WORK ORDER: Would you write out all the records again, exactly?

WORKING DATA:

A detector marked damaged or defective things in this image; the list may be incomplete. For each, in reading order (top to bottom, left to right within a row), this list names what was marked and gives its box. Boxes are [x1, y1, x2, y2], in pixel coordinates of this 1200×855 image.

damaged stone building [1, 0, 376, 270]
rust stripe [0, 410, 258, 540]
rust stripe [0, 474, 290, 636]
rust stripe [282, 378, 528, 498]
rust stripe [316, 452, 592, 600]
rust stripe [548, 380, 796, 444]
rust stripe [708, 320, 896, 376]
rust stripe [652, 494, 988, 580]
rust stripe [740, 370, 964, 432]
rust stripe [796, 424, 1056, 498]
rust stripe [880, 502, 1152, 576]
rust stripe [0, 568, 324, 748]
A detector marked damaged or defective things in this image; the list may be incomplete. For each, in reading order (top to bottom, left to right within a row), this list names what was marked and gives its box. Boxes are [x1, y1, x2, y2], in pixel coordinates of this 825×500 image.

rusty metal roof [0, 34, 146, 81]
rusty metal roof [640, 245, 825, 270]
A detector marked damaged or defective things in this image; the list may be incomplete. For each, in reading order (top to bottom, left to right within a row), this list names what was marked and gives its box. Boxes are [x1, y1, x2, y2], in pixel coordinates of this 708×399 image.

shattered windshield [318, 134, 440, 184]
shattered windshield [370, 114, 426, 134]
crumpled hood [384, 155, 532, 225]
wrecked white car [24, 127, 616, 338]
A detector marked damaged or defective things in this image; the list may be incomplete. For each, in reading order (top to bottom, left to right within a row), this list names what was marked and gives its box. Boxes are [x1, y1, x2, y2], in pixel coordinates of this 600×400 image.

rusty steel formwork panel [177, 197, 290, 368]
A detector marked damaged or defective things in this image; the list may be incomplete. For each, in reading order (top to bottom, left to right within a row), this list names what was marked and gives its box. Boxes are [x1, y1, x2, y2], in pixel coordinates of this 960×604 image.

EXPECTED OUTPUT:
A detector marked damaged or defective things in this image; the list may be incomplete. For each, in reading order (top to bottom, left to right within a row), this list names what was marked and gives its box. Boxes are [x1, y1, x2, y2], in pixel coordinates of this 1200×855 image.

damaged stone building [1, 0, 376, 270]
rust stripe [0, 410, 258, 540]
rust stripe [0, 474, 290, 636]
rust stripe [282, 378, 528, 498]
rust stripe [316, 452, 592, 600]
rust stripe [548, 380, 796, 444]
rust stripe [708, 320, 896, 376]
rust stripe [652, 494, 988, 580]
rust stripe [740, 370, 964, 432]
rust stripe [796, 424, 1056, 498]
rust stripe [880, 502, 1152, 576]
rust stripe [0, 568, 324, 748]
A detector marked damaged or defective things in this image; the list may be incomplete. For each, in reading order (top to bottom, left to right within a row), this list names what was marked and gives its box. Boxes are [x1, y1, x2, y2], in pixel coordinates of this 825×500 image.

rusty metal roof [0, 34, 146, 81]
rusty metal roof [640, 245, 825, 270]
A detector marked damaged or defective things in this image; the list may be incomplete. For each, in reading order (top to bottom, left to right within a row), this list names what was marked and gives its box. Boxes are [x1, y1, x2, y2], in pixel coordinates of this 708×399 image.

shattered windshield [318, 134, 440, 184]
shattered windshield [370, 114, 426, 134]
crumpled hood [384, 155, 532, 225]
wrecked white car [24, 127, 616, 338]
A detector marked damaged or defective things in this image; the list may be incomplete. For each, in reading order (top to bottom, left to right within a row), this list names what was marked and gives its box. Boxes are [x1, y1, x2, y2], in pixel coordinates of this 600×400 image.

rusty steel formwork panel [177, 197, 290, 368]
A detector marked damaged or defective things in this image; the list may be incomplete. For each, in reading order (top to bottom, left to right within a row), this list names what was marked and gives its box. Boxes are [x1, y1, x2, y2], in pixel coordinates of this 960×604 image.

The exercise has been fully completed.